La musique du spectacle, interprétée en direct et sur scène par deux instrumentistes, est elle aussi totalement électronique. Elle rend hommage au charme désuet des oeuvres inspirées par la conquête de lʼespace et revisite les codes et idiosyncrasies de la musique de film de science-fiction. Elle recourt principalement à des instruments dʼépoque (voire même antérieurs), theremin (1919) et ondes Martenot (1928), mais aussi à des synthétiseurs Moog et EMS dont la conception remonte aux années 1960, seuls ou hybridés avec des ordinateurs. La musique rythme lʼensemble de la pièce, donnant à certaines parties du texte énoncé par les comédiens lʼaspect dʼun récitatif entre chant et parole. Elle contamine les voix des interprètes, subtilement filtrées et spatialisées selon les différents modes narratifs. Elle module à loisir spectre lumineux et images vidéo. Des citations de chants soviétiques ponctuent lʼensemble.La musique est cosmique, héroïque et actuells. Comment relever lʼéternel défi que pose la musique de lʼespace, où faute dʼair, on nʼentend aucun son…..
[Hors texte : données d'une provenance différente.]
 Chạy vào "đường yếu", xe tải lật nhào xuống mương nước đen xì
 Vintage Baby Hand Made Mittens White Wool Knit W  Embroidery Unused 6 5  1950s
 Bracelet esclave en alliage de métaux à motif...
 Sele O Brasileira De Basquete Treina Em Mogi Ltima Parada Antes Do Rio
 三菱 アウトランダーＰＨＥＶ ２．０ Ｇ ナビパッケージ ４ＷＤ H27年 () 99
Theremin et ondes Martenot
Le theremin, inventé par le physicien et musicien soviétique Lev Sergueievitch Termen (plus connu en occident sous le nom de Léon Theremin) en 1919, est un des plus anciens instruments électroniques. Quelques tentatives avaient vu le jour auparavant (comme le telharmonium de Thaddeus Cahill, 1905), mais le theremin est le seul survivant des débuts de la lutherie électronique. Il a pour caractéristique de ne pas être pourvu dʼun clavier, comme lʼest la plupart des synthétiseurs apparus par la suite, mais dʼêtre joué à distance au moyen de deux antennes, lʼune commandant le volume et lʼautre la hauteur de la note produite. Cette particularité fait du theremin le 1er instrument non-haptique de lʼhistoire de la musique, et le précurseur de tous les dispositifs de captation gestuelle que lʼon voit apparaître depuis quelques années. Lʼabsence de clavier autorise des variations de hauteur subtiles et des glissandos de grande étendue, mais complique aussi la tâche des instrumentistes, qui ne peuvent pas se référer à des repères physiques dans lʼespace. Ceci explique la relative obscurité de lʼinstrument tout au long de son histoire, et aussi le petit nombre de thereministes.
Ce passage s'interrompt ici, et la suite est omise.